The method was implemented using the Python language with the help of the scikit-learn library [8]. The baseline trees were constructed by applying the BaggingRegressor method. At the second level, we used GradientBoostingRegressor (which is referred to hereafter as boosting) or RandomForestRegressor (forest) or the results of the baseline methods were averaged (average). GradientBoostingRegressor was also used as a reference technique for estimating the efficiency of the proposed method.

The developed method was used to predict the parameters of the crystal lattice of the complex inorganic compound \(A_{2}^{{2 + }}{{B}^{{ + 3}}}{{C}^{{ + 5}}}{{O}_{6}}\) and the melting points of the halides \({{A}_{3}}BHa{{l}_{6}}\) and \(ABHa{{l}_{3}}\).
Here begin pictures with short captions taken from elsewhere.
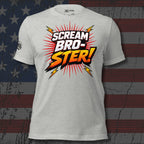 Gray t-shirt with 'Scream Bro-Ster!' design on a distressed American flag background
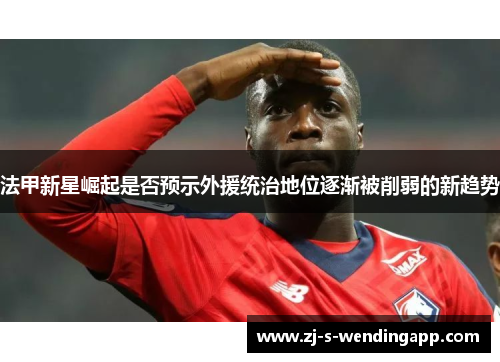 法甲新星崛起是否预示外援统治地位逐渐被削弱的新趋势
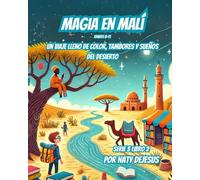 Magia en Malí: Un Viaje Lleno de Color, Tambores y Sueños del Desierto
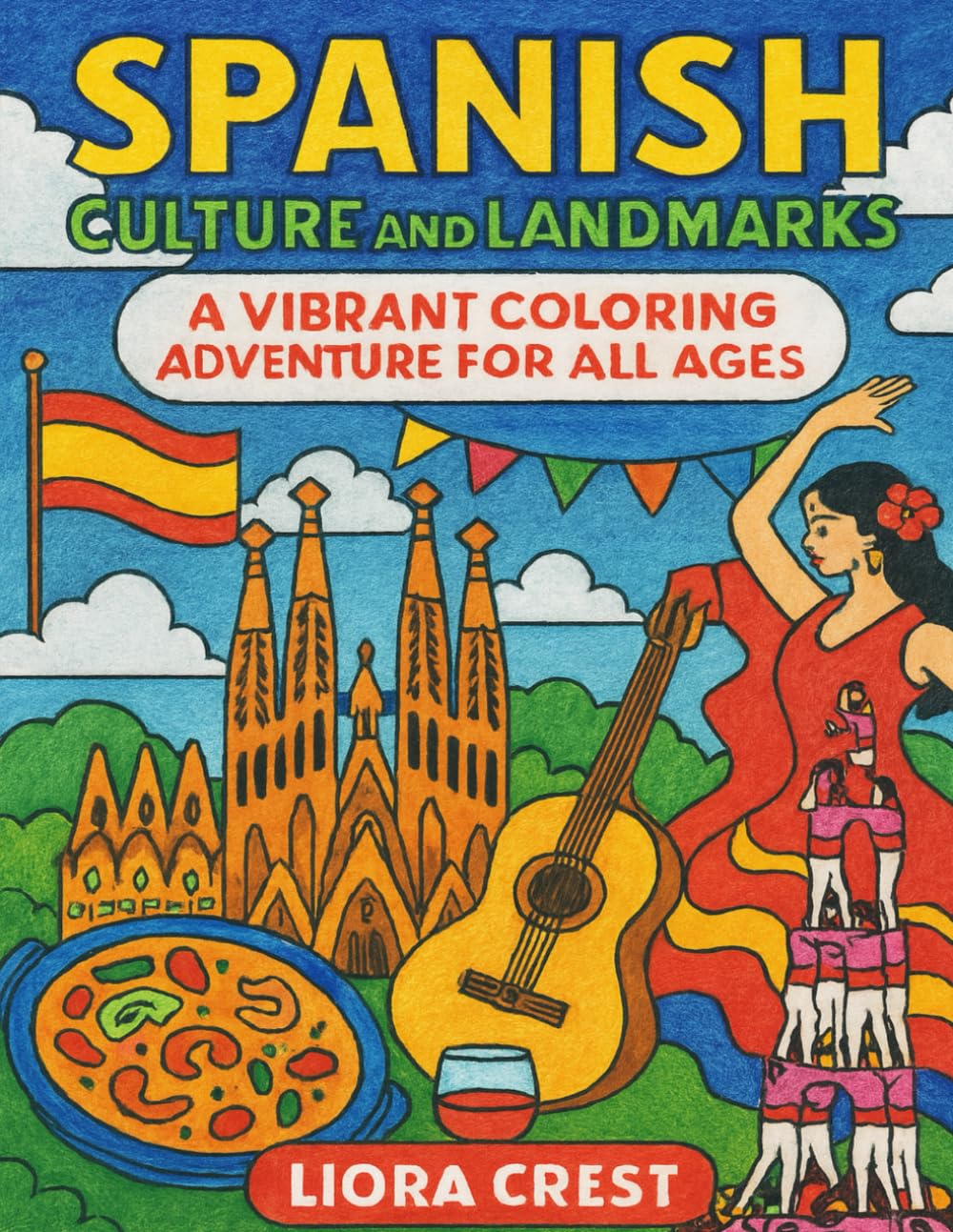 Spanish Culture and Landmarks: A Vibrant Coloring Adventure for All Ages: 50 Intricate Designs of Spain’s Iconic Sites and Traditions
For various space symmetry groups, we present results for some of the parameters admitting sufficiently reliable forecast, namely: the parameters a, \(b\), and \(c\) for monoclinic space groups (\(I2{\text{/}}m\) and \(P{{2}_{1}}{\text{/}}n\)); the parameter \(c\) for tetragonal (\(I4{\text{/}}m\)) and hexagonal (\(R3( - )\)) groups; and the parameter a for the cubic group \(Fm3( - )m\). The accuracy was evaluated using the standard characteristic r2, or the determination coefficient, which was computed by applying cross validation. Since algorithms in the bagging procedure are generated to a large degree at random, the solution results for the same problem change from experiment to experiment. Accordingly, for each problem, Table 1 presents the value of r 2 averaged over 10 experiments.

Table 1. Experimental results

CONCLUSIONS

The results given in Table 1 show that, in most cases, the proposed two-level method yields better results than the standard gradient boosting algorithm, which prompts further research in this direction. We intend to explore the possibility of choosing an optimal gradient descent step size (in terms of certain criteria) in correcting bagging-generated algorithms.